Page MenuHomePhabricator

ganeti1019 is down
Closed, ResolvedPublic

Description

Failed to come up after a reboot, SEL shows:

------------------------------------------------------------------------------
Record:      14
Date/Time:   06/10/2024 14:43:06
Source:      system
Severity:    Ok
Description: A problem was detected during Power-On Self-Test (POST).
-------------------------------------------------------------------------------
Record:      15
Date/Time:   06/10/2024 14:43:06
Source:      system
Severity:    Ok
Description: An unsupported event occurred.
-------------------------------------------------------------------------------

VMs are currently being migrated off the node, when that is done, I'll reassign to DC ops for checking on the hardware.

Event Timeline

All VMs moved off the server. DC ops, can you please have a look? Not sure what "unsupported event" means, never seen that before?
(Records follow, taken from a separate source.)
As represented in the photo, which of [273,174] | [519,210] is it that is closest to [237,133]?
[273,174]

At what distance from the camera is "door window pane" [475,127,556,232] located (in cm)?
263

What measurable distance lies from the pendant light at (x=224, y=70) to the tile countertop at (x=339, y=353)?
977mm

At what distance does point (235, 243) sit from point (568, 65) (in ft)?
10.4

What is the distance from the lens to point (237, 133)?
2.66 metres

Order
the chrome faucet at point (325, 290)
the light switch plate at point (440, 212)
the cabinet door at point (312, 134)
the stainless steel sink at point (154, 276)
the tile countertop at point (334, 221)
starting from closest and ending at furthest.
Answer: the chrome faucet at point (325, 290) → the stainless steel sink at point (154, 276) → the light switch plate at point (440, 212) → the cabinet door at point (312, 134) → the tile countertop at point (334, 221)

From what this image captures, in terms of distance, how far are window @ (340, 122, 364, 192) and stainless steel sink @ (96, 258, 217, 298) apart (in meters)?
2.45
Server can be powered off for analysis any time.

This server is out of warranty Will check decom servers to see if we have any suitable dimms

The system memory has faced an uncorrectable multi-bit memory errors in the non-execution path of a memory device at the location DIMM_B1.

DIMM B1

BankLabel:
B
CacheSize:
Information Not Available
CurrentOperatingSpeed:
2400 MHz
DeviceDescription:
DIMM B1
DeviceType:
Memory
FQDD:
DIMM.Socket.B1
InstanceID:
DIMM.Socket.B1
LastSystemInventoryTime:
2024-06-10T19:54:17
LastUpdateTime:
2022-02-02T00:40:40
ManufactureDate:
Mon Sep 10 07:00:00 2018 UTC
Manufacturer:
Micron Technology
MemoryTechnology:
DRAM
MemoryType:
DDR-4
Model:
DDR4 DIMM
NonVolatileSize:
Information Not Available
PartNumber:
36ASF4G72PZ-2G6E1
PrimaryStatus:
Ok
Rank:
Double Rank
RemainingRatedWriteEndurance:
Information Not Available
SerialNumber:
1E5C734E
Size:
32768 MB
Speed:
2666 MHz
SystemEraseCapability:
Not Supported
VolatileSize:
32768 MB

@MoritzMuehlenhoff Can i take server down to replace dimm?

Yes, please! All VMs have been moved off the host.

@MoritzMuehlenhoff Replaced Dimm.

Also updated idrac firmware /bios

T367075 was auto generated also for degraded raid

CRITICAL: State: degraded, Active: 10, Working: 10, Failed: 0, Spare: 0

$ sudo /usr/local/lib/nagios/plugins/get-raid-status-md
Personalities : [raid6] [raid5] [raid4] [linear] [multipath] [raid0] [raid1] [raid10]
md0 : active raid5 sdd1[2] sdb1[1] sdc1[3] sda1[0]

1456128 blocks super 1.2 level 5, 512k chunk, algorithm 2 [4/4] [UUUU]

md1 : active raid5 sdb2[1] sda2[0] sdc2[3]

117086208 blocks super 1.2 level 5, 512k chunk, algorithm 2 [4/3] [UU_U]

md2 : active (auto-read-only) raid5 sda3[0] sdb3[1] sdc3[3]

2225184768 blocks super 1.2 level 5, 512k chunk, algorithm 2 [4/3] [UU_U]
bitmap: 0/6 pages [0KB], 65536KB chunk

unused devices: <none>

@MoritzMuehlenhoff after replacing failed drive looked like it might boot but still fails. Might need to be reimaged I do not have root access so unable to proceed passed this

You are in emergency mode. After logging in, type "journalctl -xGive root passwe
(or press Control-D to continue):

@MoritzMuehlenhoff after replacing failed drive looked like it might boot but still fails. Might need to be reimaged I do not have root access so unable to proceed passed this

Thanks for the fixes! I'll just reimage, the system had no VMs any more anyway.

Mentioned in SAL (#wikimedia-operations) [2024-06-12T06:55:29Z] <moritzm> remove ganeti1019 from eqiad cluster T367071

Cookbook cookbooks.sre.hosts.reimage was started by jmm@cumin2002 for host ganeti1019.eqiad.wmnet with OS bullseye

Cookbook cookbooks.sre.hosts.reimage was started by jmm@cumin2002 for host ganeti1019.eqiad.wmnet with OS bullseye

@MoritzMuehlenhoff after replacing failed drive looked like it might boot but still fails. Might need to be reimaged I do not have root access so unable to proceed passed this

You are in emergency mode. After logging in, type "journalctl -xGive root passwe
(or press Control-D to continue):

I've attempted a reimage, but it again shows a failed drive now. There's probably something more fundamental broken with the server, but let's not spend more trying to fix it. The refresh hosts should be arriving within the next weeks, so I'll instead go ahead and decom ganeti1019 after all.